* Directions *
Return each line below exactly as it reads, and omit any image in it.

* Information supplied *
---
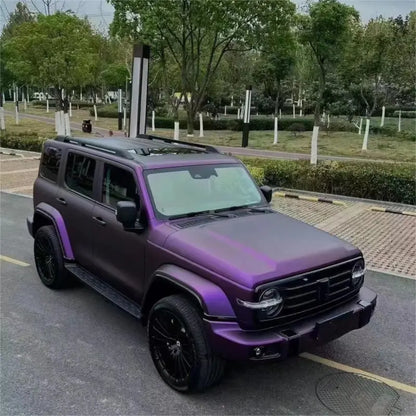 Matte Magic Russian Violet Purple Car Vinyl Wrap PET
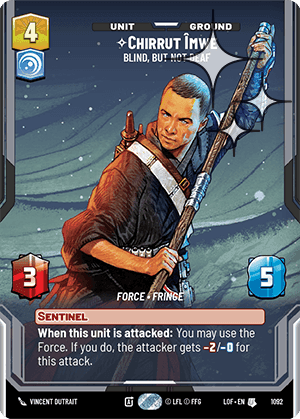 Chirrut Îmwe, Blind, but not Deaf - Prestige Foil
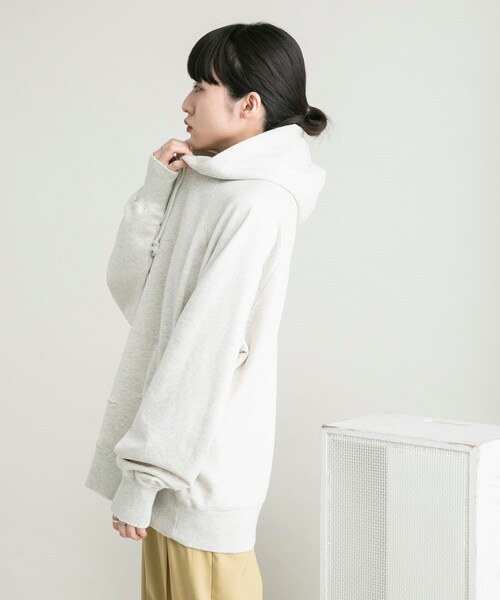 KBF（ケイビーエフ）の「ダメージBIGフーディー（パーカー・レディース・NAVY/TOP GRAY・one）」の6枚目の写真
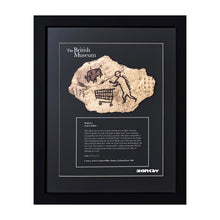 Load image into Gallery viewer, BANKSY &#39;Peckham Rock&#39; (2018) Custom Framed Authentic Wooden Postcard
---
* Task result *
 Matte Magic Russian Violet Purple Car Vinyl Wrap PET
 Chirrut Îmwe, Blind, but not Deaf - Prestige Foil
 KBF（ケイビーエフ）の「ダメージBIGフーディー（パーカー・レディース・NAVY/TOP GRAY・one）」の6枚目の写真
 Load image into Gallery viewer, BANKSY &#39;Peckham Rock&#39; (2018) Custom Framed Authentic Wooden Postcard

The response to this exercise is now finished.